In a previous post called “Cultivate Connections”, I wrote about that phrase, my new mantra, and how I was trying to establish connections with my mind, body, and spirit, as well as with others — friends, co-workers, relatives, strangers. And last week, I wrote about the importance of staying connected. Yet, I have to admit I’ve been struggling to make good on that mantra. Sure, it’s easy to cultivate connections with people I like. But to stay connected to my mind when all I feel is anxiety, or my body when I want to reshape it, or my spirit when all I want to do is numb out in front of the TV, well, that’s harder.

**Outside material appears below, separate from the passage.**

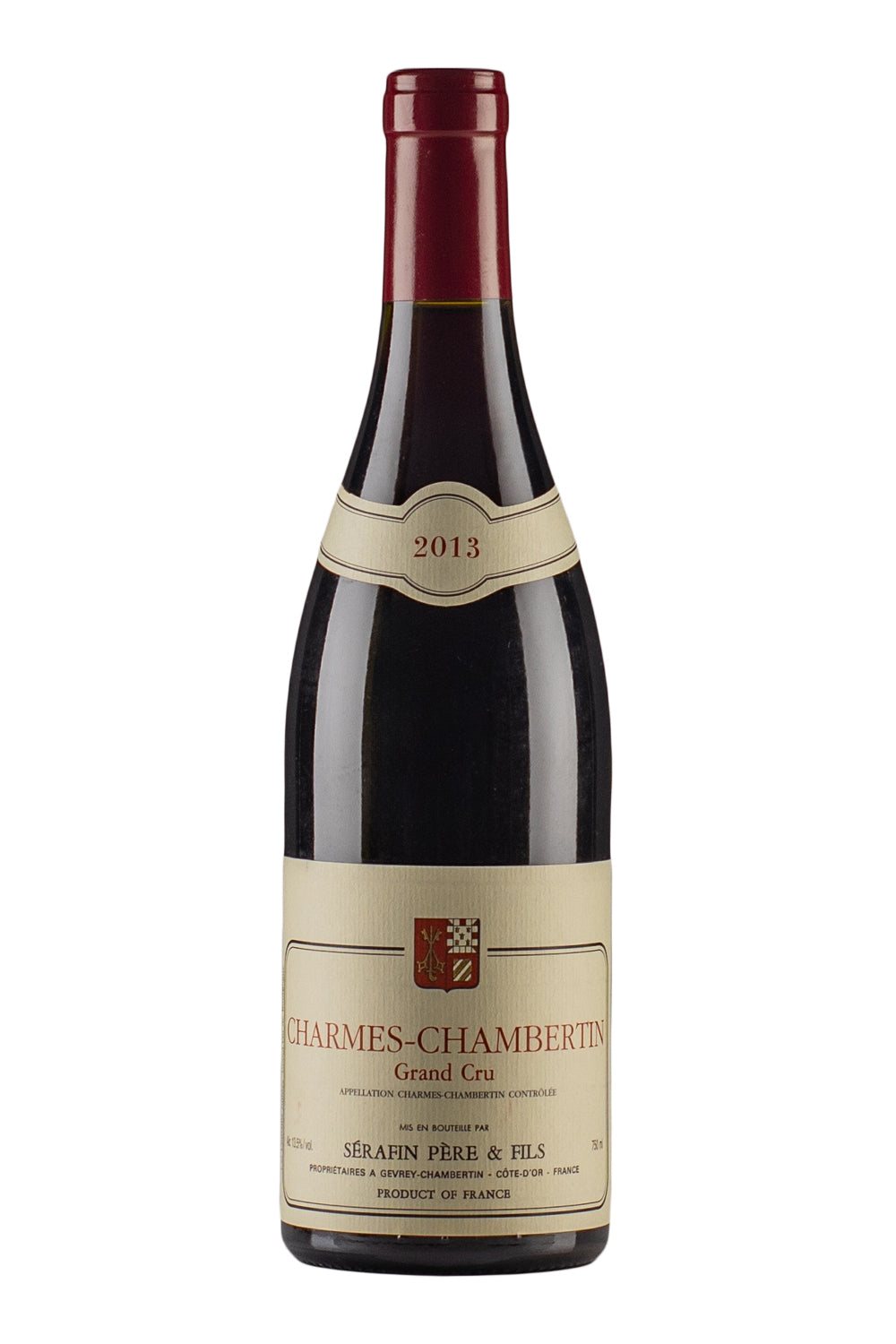 Charmes Chambertin Serafin 2013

This morning was no exception. I have Wednesdays off, so I’m able to sleep in until my body wakes me naturally, which is a good way to honor my body’s needs. I awoke after 9 hours of sleep and felt rested. Before I even left the bedroom, I sat in my meditation position and said to myself, “I will cultivate connections today” as I breathed in and out. So, in terms of connecting with my body and spirit, I was off to a good start. Then I got to the gym and some of my more chatty acquaintances wanted to talk and I brushed them aside with polite niceties about how I had to “get going”. I walked on the treadmill and thought about how that wasn’t the best way to cultivate connections with people.

After an hour of various exercises, I was on the floor stretching and ready to leave. I looked up and saw a man I hadn’t seen in several months, someone who used to come to the gym with his elderly mother. I have only had one conversation with him previously, but I knew then that he is unique — grounded, centered, and unabashedly spiritual in a way that is both shocking and refreshing. There was no pretention with him, no niceties. We spoke in that first conversation years ago as if we had known each other forever.

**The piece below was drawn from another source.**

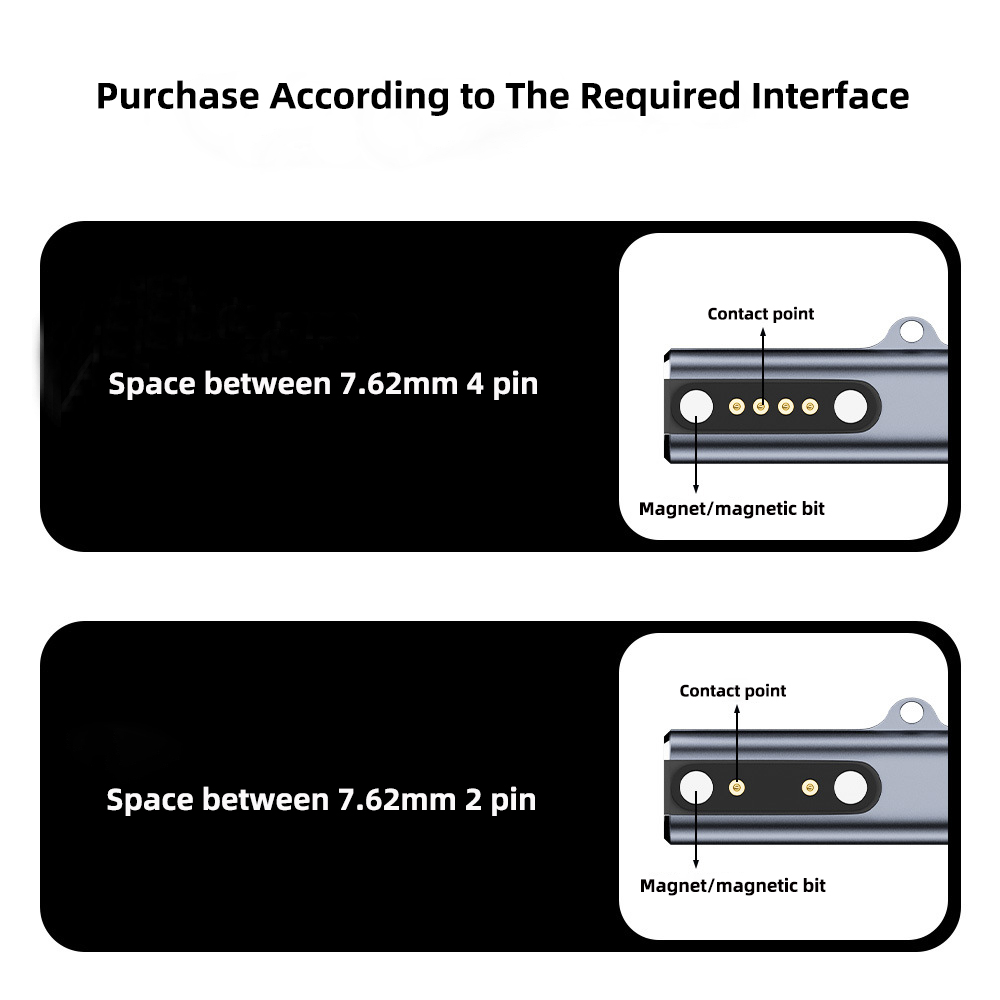 Magnetic Charger Adapter Type  - Smart Watch Kids ulasan dan harga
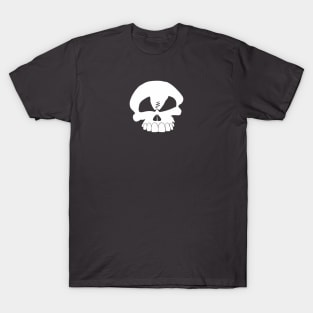 Black hole sun migraine skull video T-Shirt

So, feeling badly about not living up to my mantra earlier, I felt compelled to ask this man how he and his mom are doing. He shared that his mom had been in a bad car accident in which she was hit by a truck that ran a red light. She sustained only a few broken bones, but her usual steadiness and emotional fortitude took a bigger hit. He continued, saying that she was just now getting back to her normal self and had returned to the gym with him yesterday. I was glad I inquired. But as I went into “wrap up the conversation” mode, my friend said — matter of factly — “Yeah, Mom’s doing okay now. But my son died 2 days ago.”

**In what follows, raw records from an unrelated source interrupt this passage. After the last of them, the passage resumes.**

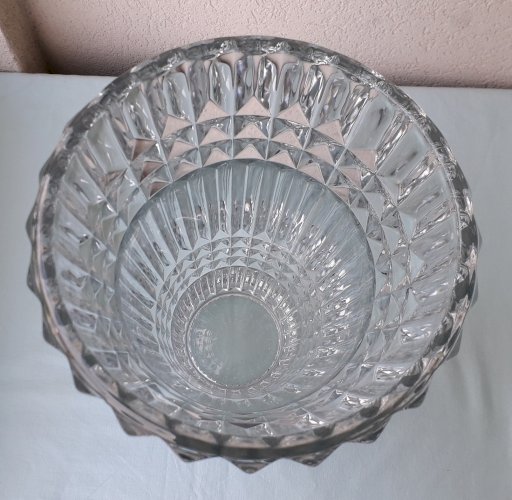 Vase cristal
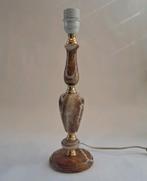 Mooie Hoge Vintage Onyx Lampvoet, Antiek en Kunst, Ophalen of Verzenden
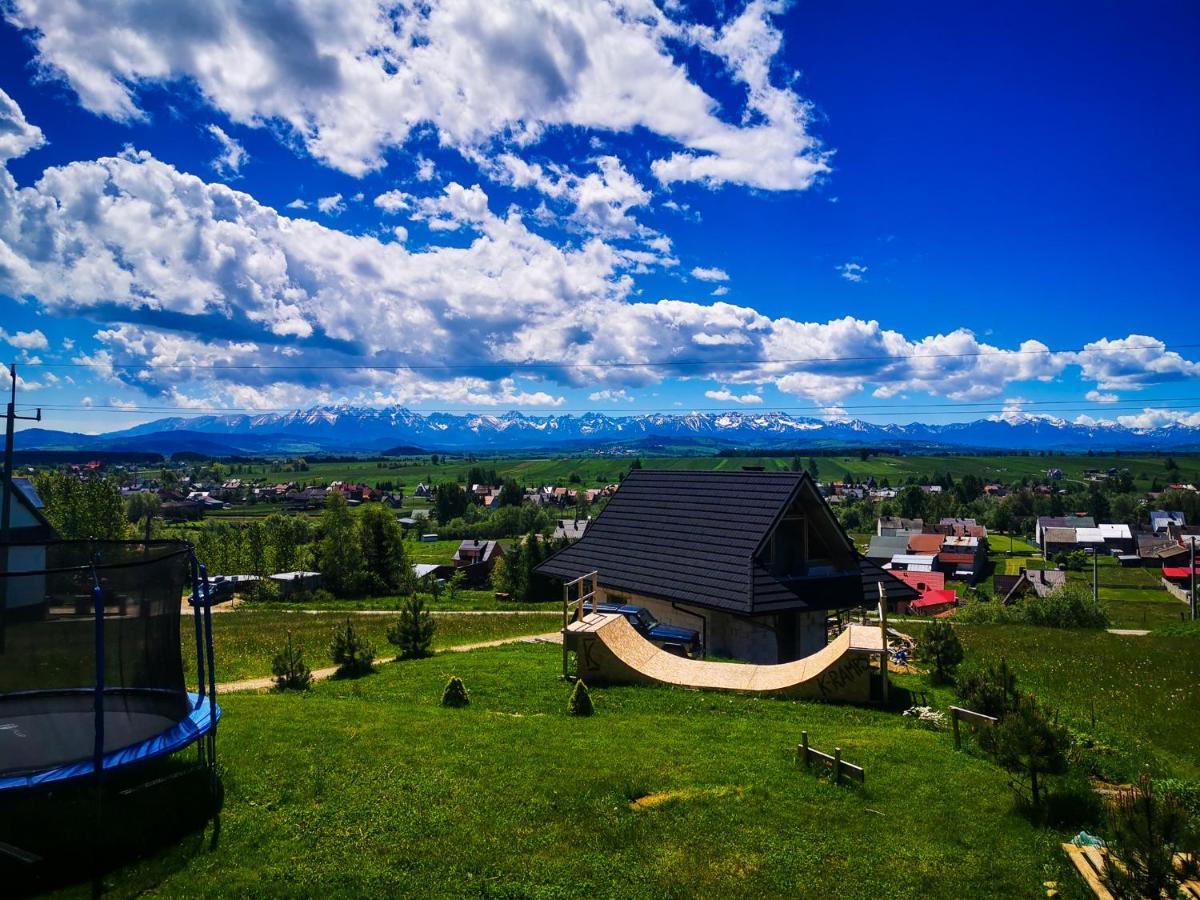Em Gorce Resort Domki Z Sauna I Jacuzzi Waksmund Exterior photo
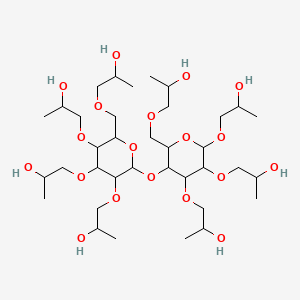 Hydroxyethyl Cellulose chemical structure (CAS 9004-62-0)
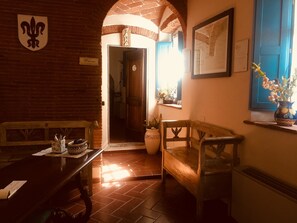 Reception - Podere Jana (Vinci)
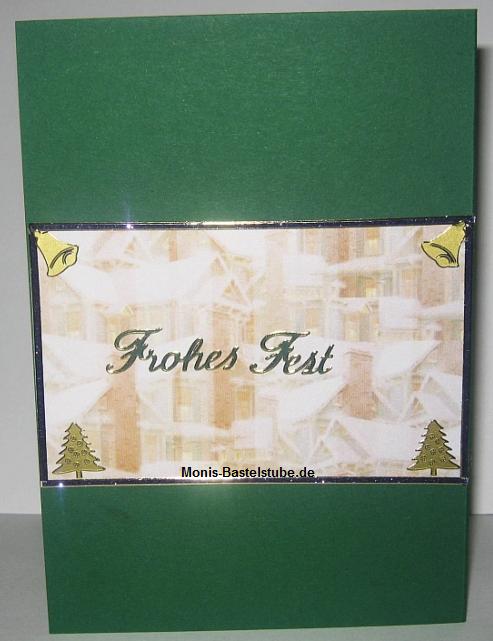 Grußkarte - Pyramide - weihnachtlich geschmückte Tür - Rückseite.jpg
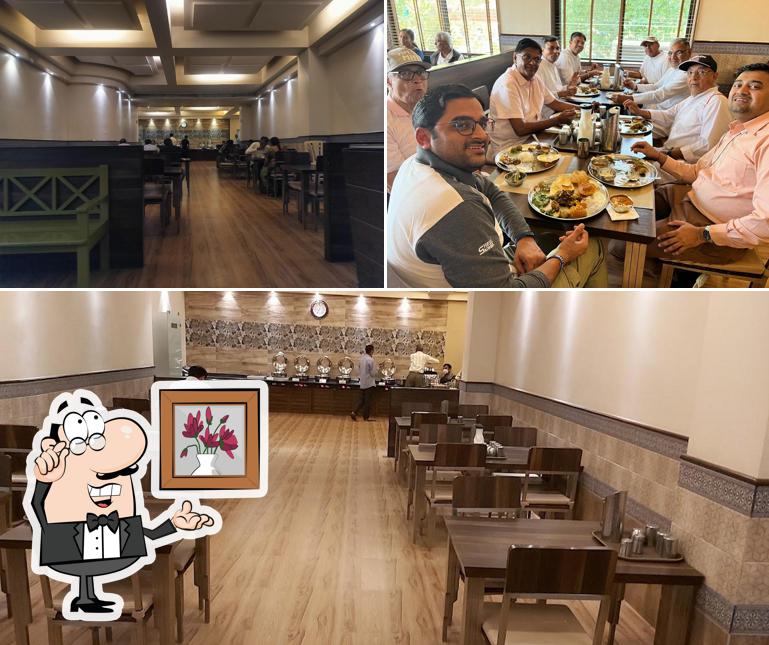 Check out how Samrasi Premium Gujarati dinning looks inside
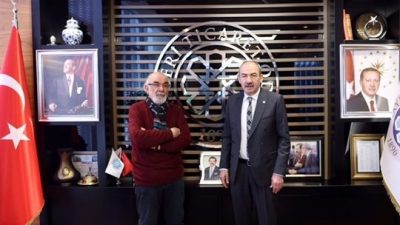 Kayseri Ticaret Odası (KTO) Yönetim Kurulu Başkanı Ömer Gülsoy, yeni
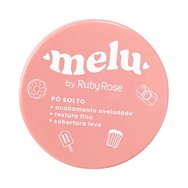Pó Solto Facial Ruby Rose Melu Rr8522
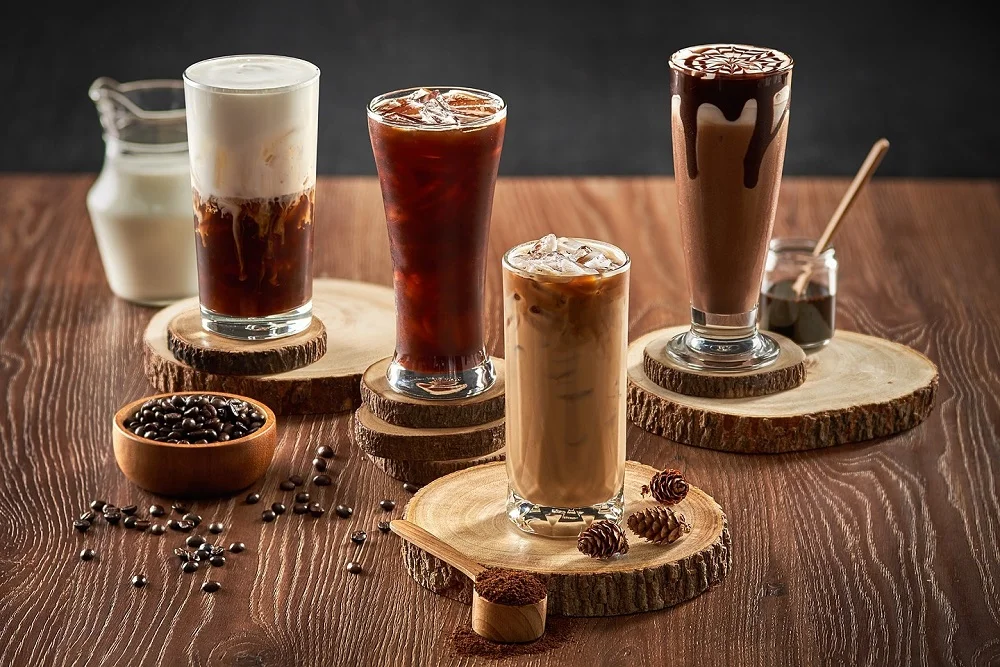 Темные жареные кофейные зерна AROMA Arabica 250 г из Таиланда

My heart rattled in my chest and I started thinking things like, “He must be in shock.” “He hasn’t processed this yet.” “He’s just hiding his true feelings from me, a stranger.” “Maybe he wasn’t close with his son.” The truth was far from any of those things, as I discovered over the next 20 minutes. My friend shared that his ex-wife and his 19-year-old son lived on the other side of the U.S. His son had been born with cerebral palsy and experienced discrimination and isolation by those who feared his physical deformities or were just unsure what to say when he was around. And yet, this young man had touched the life of so many and in such profound ways!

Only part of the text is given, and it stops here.